One approach that was raised as an alternative to straight, page-by-page digitisation was to film the book being read. This would help to clarify the scale of the book and its physical attributes, as well as serving to illustrate the performative aspect involved in its reading. The relationship of the book to the body would also be privileged. Perhaps when an artist book is acquired, the artist should be asked for their view on this issue, thinking of it in terms of appropriate documentation as opposed to digitisation.

A further issue concerning the idea of ‘translation’ is that the majority of those attending the workshops have been working through analogue to digital. We have ourselves been translating, looking for equivalents through digital means rather than immersing ourselves in the particular language of digital art. It would have been useful to have included the voice of a younger generation that has grown up with this new technology as well as artists or programmers who are experimenting with the digital language itself.

As the workshops progressed, I felt increasingly drawn back to the occasions where we had engaged with books as physical objects. The monitor screen is now ubiquitous and, while it is a portal to a wealth of information, it also serves to equalise experience. All e-books are configured to a similar layout for clarity of reading; War and Peace on a Kindle is no different to any other book. Furthermore, the experience of an actual book is different on each occasion, while the digital version is uniform and the act of navigating the book is predetermined. In Eileen Hogan’s digitised sketchbook, while the format provides an interesting means to make available layers of data, the viewer quickly learns the tricks and so although on one level the book literally opens up, the options are also immediately closed down.

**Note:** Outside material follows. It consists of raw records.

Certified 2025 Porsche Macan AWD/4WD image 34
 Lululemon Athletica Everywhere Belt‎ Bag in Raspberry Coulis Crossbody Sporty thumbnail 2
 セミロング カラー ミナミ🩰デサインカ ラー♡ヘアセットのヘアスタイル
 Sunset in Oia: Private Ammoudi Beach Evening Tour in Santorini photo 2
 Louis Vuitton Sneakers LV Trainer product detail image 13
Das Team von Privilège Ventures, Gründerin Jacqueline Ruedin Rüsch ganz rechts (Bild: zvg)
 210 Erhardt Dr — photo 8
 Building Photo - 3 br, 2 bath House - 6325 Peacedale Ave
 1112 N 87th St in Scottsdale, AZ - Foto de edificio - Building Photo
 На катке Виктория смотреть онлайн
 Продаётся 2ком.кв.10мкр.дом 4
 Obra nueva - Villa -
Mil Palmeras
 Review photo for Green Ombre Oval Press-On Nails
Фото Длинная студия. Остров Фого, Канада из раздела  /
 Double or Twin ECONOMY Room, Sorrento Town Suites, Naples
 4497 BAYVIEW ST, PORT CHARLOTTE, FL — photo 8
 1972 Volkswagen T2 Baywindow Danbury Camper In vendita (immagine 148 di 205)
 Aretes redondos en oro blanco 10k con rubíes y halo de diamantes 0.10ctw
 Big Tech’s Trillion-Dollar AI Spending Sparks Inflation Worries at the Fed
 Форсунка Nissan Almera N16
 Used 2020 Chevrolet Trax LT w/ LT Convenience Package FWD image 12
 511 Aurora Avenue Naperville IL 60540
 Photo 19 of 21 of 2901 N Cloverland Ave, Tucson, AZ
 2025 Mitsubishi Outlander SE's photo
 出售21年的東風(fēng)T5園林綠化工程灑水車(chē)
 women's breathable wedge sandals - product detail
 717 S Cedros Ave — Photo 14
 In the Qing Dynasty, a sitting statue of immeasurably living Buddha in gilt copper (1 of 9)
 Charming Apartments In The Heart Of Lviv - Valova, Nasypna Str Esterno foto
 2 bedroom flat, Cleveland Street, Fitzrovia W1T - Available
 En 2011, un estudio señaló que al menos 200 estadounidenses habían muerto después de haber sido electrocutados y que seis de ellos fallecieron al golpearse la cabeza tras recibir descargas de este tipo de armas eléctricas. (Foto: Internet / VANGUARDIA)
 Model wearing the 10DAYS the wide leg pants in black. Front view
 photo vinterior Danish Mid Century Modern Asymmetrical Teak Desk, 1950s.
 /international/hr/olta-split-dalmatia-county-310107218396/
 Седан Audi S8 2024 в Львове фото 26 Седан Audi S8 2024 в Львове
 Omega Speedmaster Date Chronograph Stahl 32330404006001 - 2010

Likewise for Helen Douglas’s scroll, for once the pleasure of scrolling and zooming has been experienced, a certain frustration occurs because the technology cannot offer more.

It is here, perhaps, where one of the problems lies, in that while the digital offers an infinite variety of options, each has to be pre-thought, designed and programmed, in effect offering up a predetermined menu whereas the physical artist’s book offers an invitation.

Paul Coldwell
August 2012 

Paul Coldwell is Professor, CCW Graduate School, University of the Arts, London.